Below, we see the top 20 most injurious weather events in the United States, i.e. the events that cause the most injuries per event, and a bar plot of the top 5:
medInjPerEventTypeSorted[1:20]
## storm$EVTYPE
## Heat Wave TROPICAL STORM GORDON
## 70.0 43.0
## THUNDERSTORMW HIGH WIND AND SEAS
## 27.0 20.0
## SNOW/HIGH WINDS GLAZE/ICE STORM
## 18.0 15.0
## HEAT WAVE DROUGHT WINTER STORM HIGH WINDS
## 15.0 15.0
## NON-SEVERE WIND DAMAGE TORNADO F2
## 7.0 4.0
## Torrential Rainfall MARINE MISHAP
## 4.0 2.5
## Heavy snow shower ICE STORM/FLASH FLOOD
## 2.0 2.0
## Marine Accident ROGUE WAVE
## 2.0 2.0
## WARM WEATHER DRY MIRCOBURST WINDS
## 2.0 1.0
## FOG AND COLD TEMPERATURES Gusty winds
## 1.0 1.0
barplot(medInjPerEventTypeSorted[1:5], main="Top 5 storm types in median injuries per event",cex.names=.5)

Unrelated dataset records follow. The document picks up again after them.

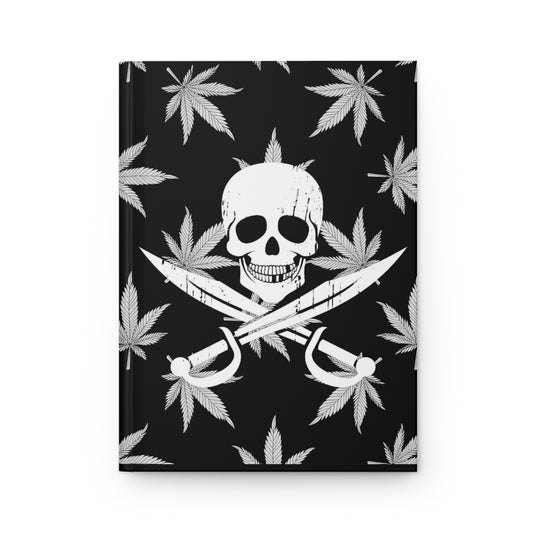 420 Jolly Roger Hardcover Journal Cannabis and Skull and Crossbones journal 420 gift for stoner pirates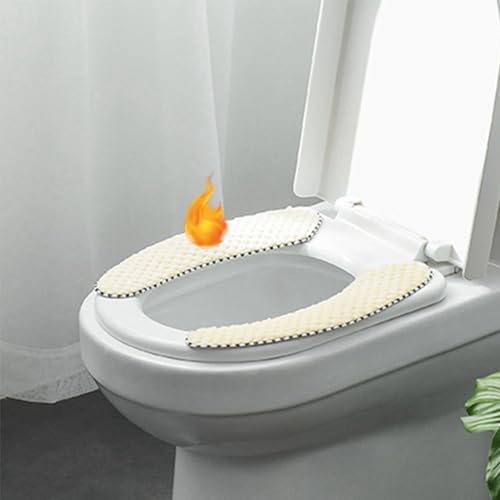 WC Sitz warm, Toilettensitz wärmer, Toilettensitzbezug Elektrostatische Adsorption für Einfache Installation, Klobrillenbezug Waschbar, Wc Sitzwärmer Tuch für alle Toiletten (Beige) von Generisch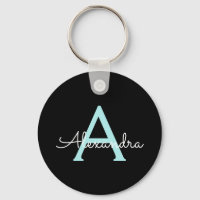 Aqua Aquamarin Blue Script Girly Monogram Name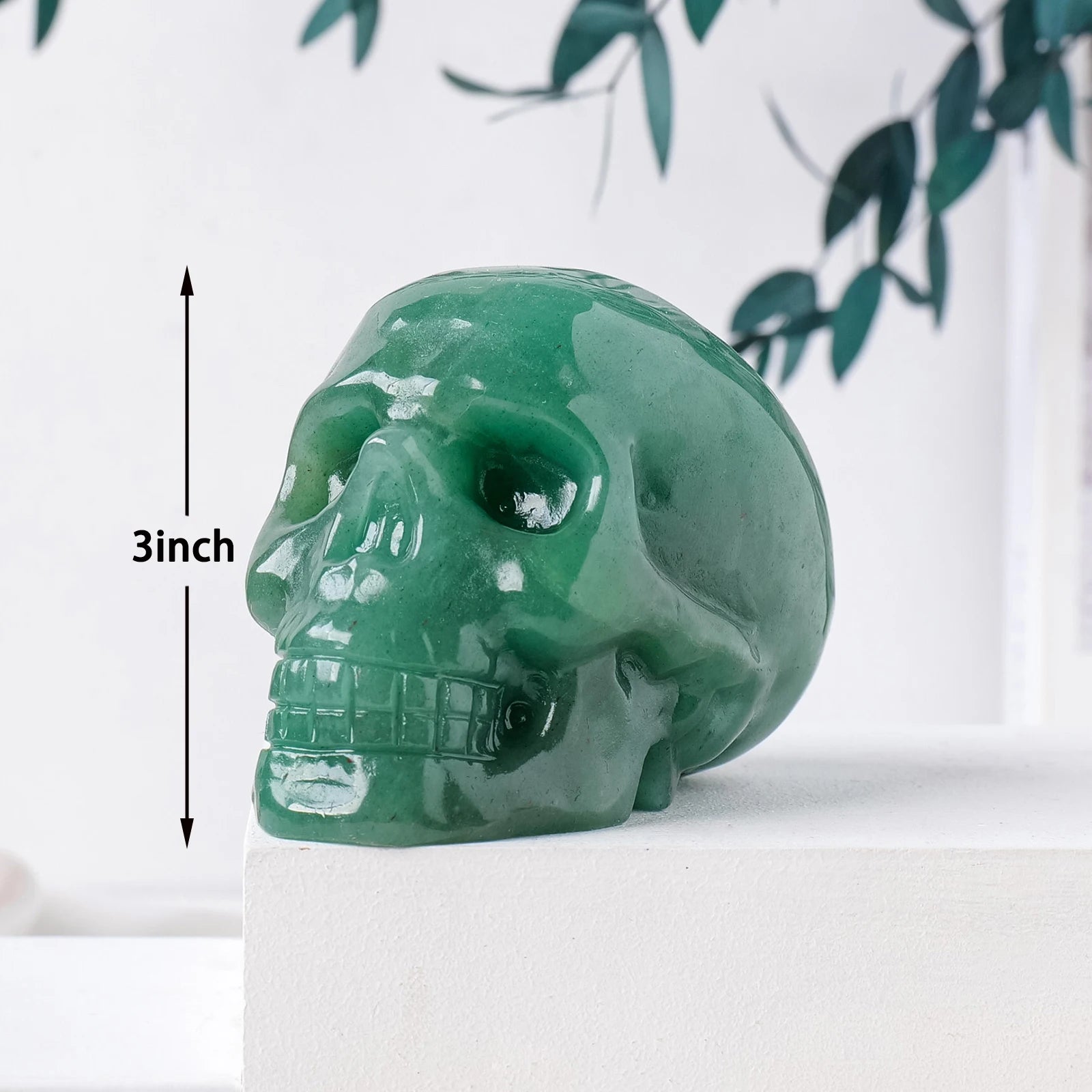 1PC Natural Aventurine Quartz Crystal Skull - Handcrafted Home Decor, Energy Healing Stone, Unique Gift for Easter, Halloween, Feng Shui & Meditation Spaces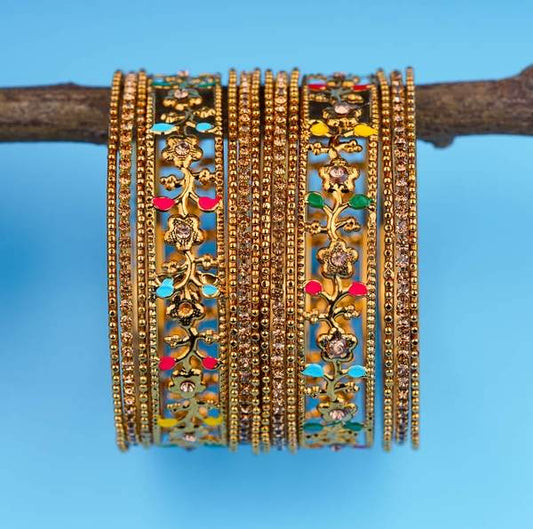 Antique Metal Bangle Oxidised Gold Plated for Women & Girls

Figure 2. Most injurious types of weather events, in median injuries per event.
Finally, we considered the events that cause the highest total property damage.

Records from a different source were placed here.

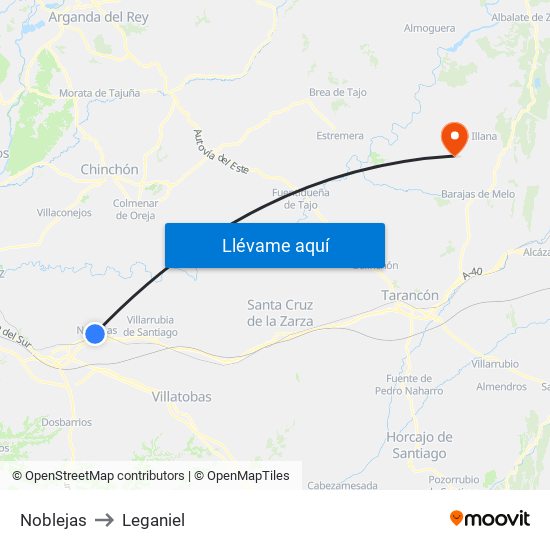 Noblejas to Leganiel map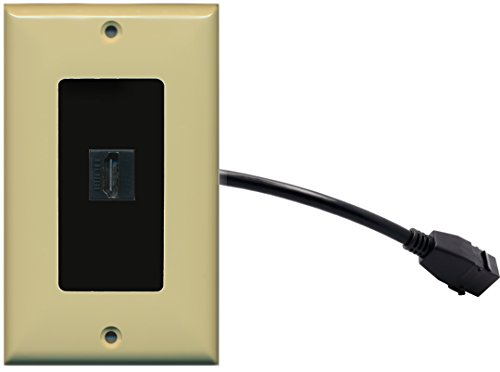 RiteAV (1 Gang Decorative) HDMI Wall Plate w/Pigtail Extension Cable Ivory (Black Insert)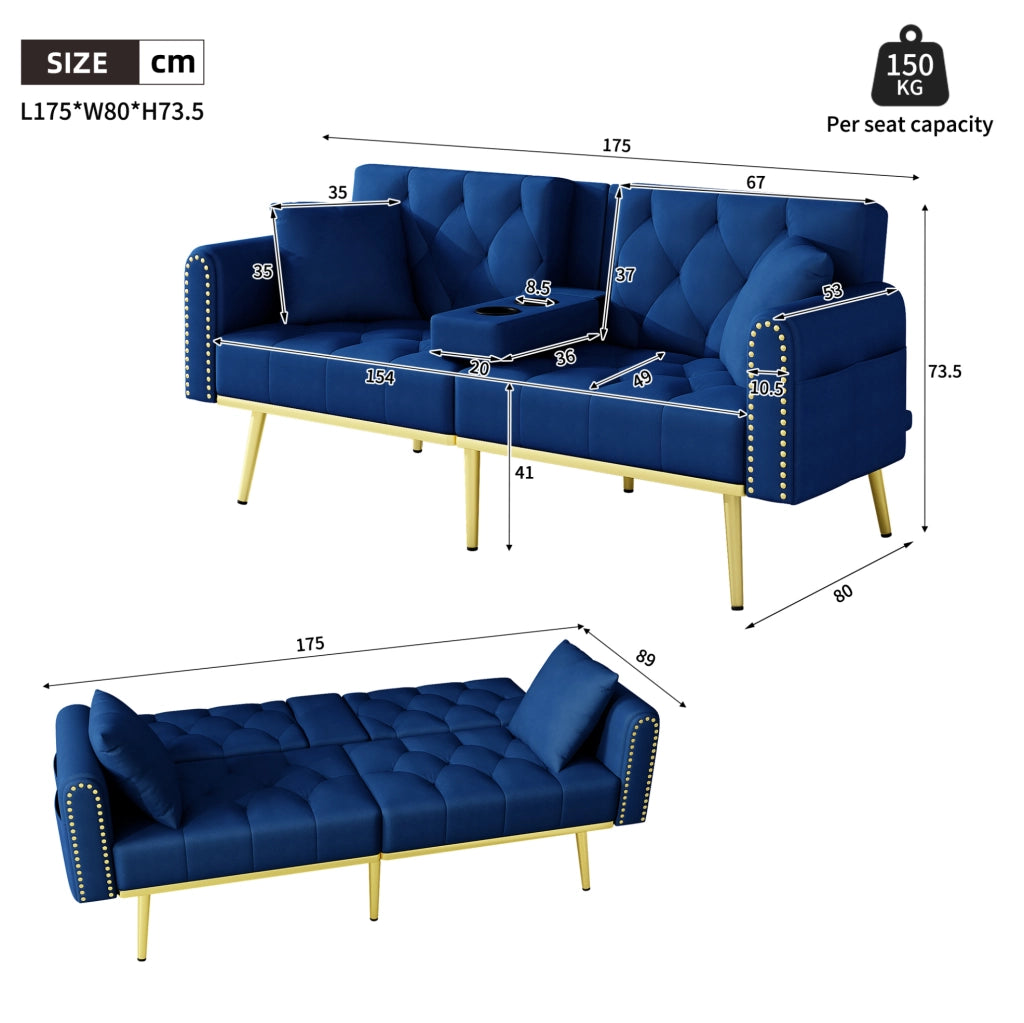 Divano letto multifunzionale in velluto blu con schienale regolabile e portabicchieri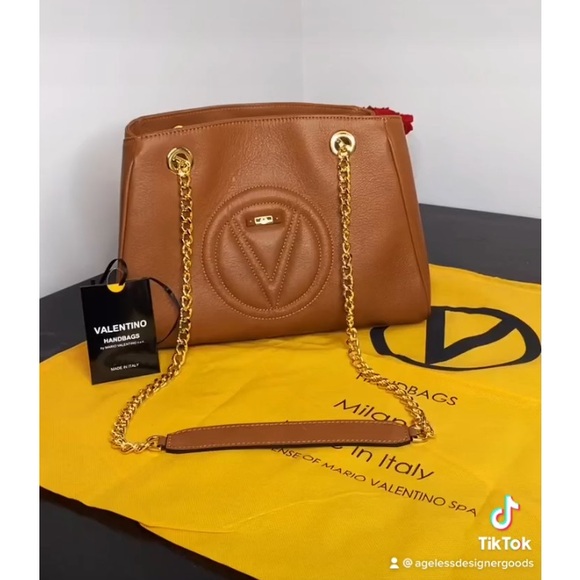 NWT Authentic VALENTINO By Mario Valentino Gold Chain Ladies Crossbody/ Tote Bag - Picture 8 of 15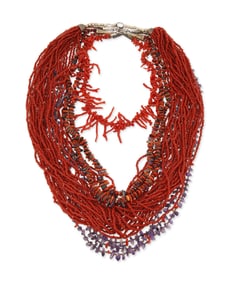 A group of Southwest-style coral and stone necklaces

totalDmgPerEventType <- by(storm$PROPDMG, storm$EVTYPE, function(x) sum(x, na.rm=TRUE))
totalDmgPerEventTypeSorted <- sort(totalDmgPerEventType, decreasing=TRUE)
totalDmgPerEventTypeSorted[1:20]
## storm$EVTYPE
## TORNADO FLASH FLOOD TSTM WIND
## 3212258.16 1420124.59 1335965.61
## FLOOD THUNDERSTORM WIND HAIL
## 899938.48 876844.17 688693.38
## LIGHTNING THUNDERSTORM WINDS HIGH WIND
## 603351.78 446293.18 324731.56
## WINTER STORM HEAVY SNOW WILDFIRE
## 132720.59 122251.99 84459.34
## ICE STORM STRONG WIND HIGH WINDS
## 66000.67 62993.81 55625.00
## HEAVY RAIN TROPICAL STORM WILD/FOREST FIRE
## 50842.14 48423.68 39344.95
## FLASH FLOODING URBAN/SML STREAM FLD
## 28497.15 26051.94
barplot(totalDmgPerEventTypeSorted[1:5], main="Top 5 storm types in total property damage",cex.names=.5)
Figure 3. Most destructive weather events, in total overall property damage.